Stored data =>
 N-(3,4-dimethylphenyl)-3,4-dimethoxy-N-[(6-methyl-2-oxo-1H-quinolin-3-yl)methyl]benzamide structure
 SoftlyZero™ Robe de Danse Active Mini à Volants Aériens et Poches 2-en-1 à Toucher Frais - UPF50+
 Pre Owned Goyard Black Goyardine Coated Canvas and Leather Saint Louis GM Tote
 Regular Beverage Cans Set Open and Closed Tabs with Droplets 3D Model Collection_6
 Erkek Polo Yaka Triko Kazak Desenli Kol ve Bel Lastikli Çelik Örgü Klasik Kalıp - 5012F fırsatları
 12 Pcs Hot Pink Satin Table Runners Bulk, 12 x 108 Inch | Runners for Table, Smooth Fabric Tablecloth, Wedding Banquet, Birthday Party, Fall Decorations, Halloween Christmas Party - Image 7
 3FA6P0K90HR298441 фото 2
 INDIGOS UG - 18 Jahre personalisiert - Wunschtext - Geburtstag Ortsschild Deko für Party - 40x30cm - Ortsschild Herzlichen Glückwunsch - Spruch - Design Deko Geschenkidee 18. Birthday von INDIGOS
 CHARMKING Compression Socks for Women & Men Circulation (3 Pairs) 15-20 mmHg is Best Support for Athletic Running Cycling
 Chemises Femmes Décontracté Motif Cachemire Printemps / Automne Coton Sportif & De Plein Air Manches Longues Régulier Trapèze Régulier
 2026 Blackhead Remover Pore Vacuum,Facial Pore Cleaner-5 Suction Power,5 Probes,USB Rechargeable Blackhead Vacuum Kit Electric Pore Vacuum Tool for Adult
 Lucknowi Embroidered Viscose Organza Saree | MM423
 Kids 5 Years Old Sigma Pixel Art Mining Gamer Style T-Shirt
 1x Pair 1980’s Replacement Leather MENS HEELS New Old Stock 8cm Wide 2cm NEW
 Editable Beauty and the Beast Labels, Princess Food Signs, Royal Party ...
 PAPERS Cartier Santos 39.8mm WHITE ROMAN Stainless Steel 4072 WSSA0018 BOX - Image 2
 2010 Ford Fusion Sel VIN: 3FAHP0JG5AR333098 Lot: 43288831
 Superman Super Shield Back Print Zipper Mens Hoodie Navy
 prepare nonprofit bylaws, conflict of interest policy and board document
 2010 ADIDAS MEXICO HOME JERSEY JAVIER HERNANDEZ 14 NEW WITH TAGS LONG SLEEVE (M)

WORK REQUIRED =>
Where does the string "Image" appear in the records? Copy every line that holds it.

COMPLETED EXERCISE =>
 12 Pcs Hot Pink Satin Table Runners Bulk, 12 x 108 Inch | Runners for Table, Smooth Fabric Tablecloth, Wedding Banquet, Birthday Party, Fall Decorations, Halloween Christmas Party - Image 7
 PAPERS Cartier Santos 39.8mm WHITE ROMAN Stainless Steel 4072 WSSA0018 BOX - Image 2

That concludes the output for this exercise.